Direct Imaging of Bridged Twin Protoplanetary Disks in a Young Multiple Star

http://phys.org/news180107005.html

Could planets Form in this Protoplanetary Disks? well by the Circumbinary (P type orbit) ans S type of planet orbits I expect it

Holger September 4, 2012 at 17:38

Ronald,
you’re welcome.

“I would still expect some kind of maximum distance between the components, beyond which only ‘S-planets’ are possible and not (also) circumbinary. This would be the consequence of the (aggregation) formation process of planets and the extent of the protoplanetary dust disc.”
If there is a “fixed” upper limit for the extent of the protoplanetary dust disc, this would indeed give such an upper limit. I don’t know if there is one; planets exist out to 1000s of AU around some stars…

You’re right that larger stars perturb more than smaller ones, so there will be more binary systems in situation 2 than in situation 1. But the _minimum_ value for 1 would be reached for two same-sized stars, and thus be the same as that for 2, I think.

@Daniel:
Thanks for that link. So a similarly weird planetary system similar to SR24 seems also possible to me…

Ronald September 9, 2012 at 4:50

Paul,

this news is just in, and truly fascinating, some excerpts for your information, you can just delete this comment.

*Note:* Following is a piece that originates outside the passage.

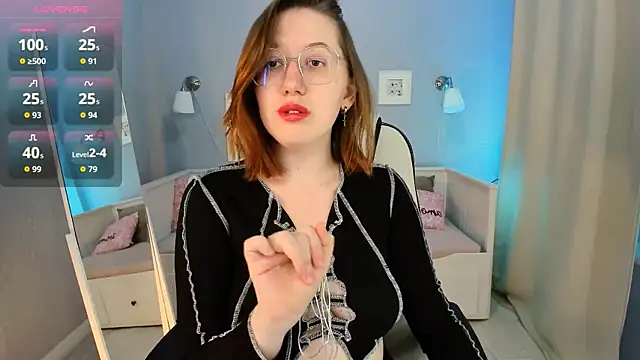 Snapshot of Charmy_Gracy chatting on 11, 10, 2025 Charmy Gracy online show from 11, 10, 2025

It is gradually becoming more and more clear that subtle differences in elemental abundances can determine the composition of a star’s planetary system and its long-term habitability;

Stellar makeup impacts planet habitability,
“A new study by Arizona State University researchers suggests that the host star’s chemical makeup also can impact conditions of habitability of planets that orbit them. The team’s paper, published in the August issue of The Astrophysical Journal Letters, demonstrates that subtle differences in a star’s internal chemistry can have huge effects on a planet’s chances of long-term habitability.”
“The team’s study indicates that a greater abundance of oxygen, carbon, sodium, magnesium and silicon should be a plus for an inner solar system’s long-term habitability because the abundance of these elements make the star cooler and cause it to evolve more slowly, thereby giving planets in its habitable zone more time to develop life as we know it.”
“The largest changes arise from variation in oxygen. The stellar abundance of oxygen seems crucial in determining how long planets stay in the habitable zone around their host star”.

https://asunews.asu.edu/20120906_young

Daniel Dean Grinddal September 24, 2012 at 11:51

Hi Paul,

Love your work, it gives me great enjoyment to read.
I not a student of astronomy nor is it my field of work.
It is just a great interest of mine.

I was wondering if you could answer me this:

How would the radiation be in the habitable zone of a binary system?
WOuld it allow for life to develop? What about the increased amount of solar storms?

I am aware that a class M star is very faint, and therefore does not emit as much heat or radiation.

Also would a moon of a gas giant be able to support life like in avatar with the radiation the giant would give off?

Paul Gilster September 24, 2012 at 12:29

Thanks for the kind words, Daniel! I don’t see any reason why radiation would be a problem in the habitable zone of a binary system in terms of stopping life from developing. A red dwarf star, though, is always problematic because of its flare activity, and that could either be a show-stopper or, conceivably, an evolutionary driver. So I’d be more worried about a planet in the habitable zone of a red dwarf than I would about a circumbinary planet per se. Everything would depend upon the type of star and the system’s configuration, etc.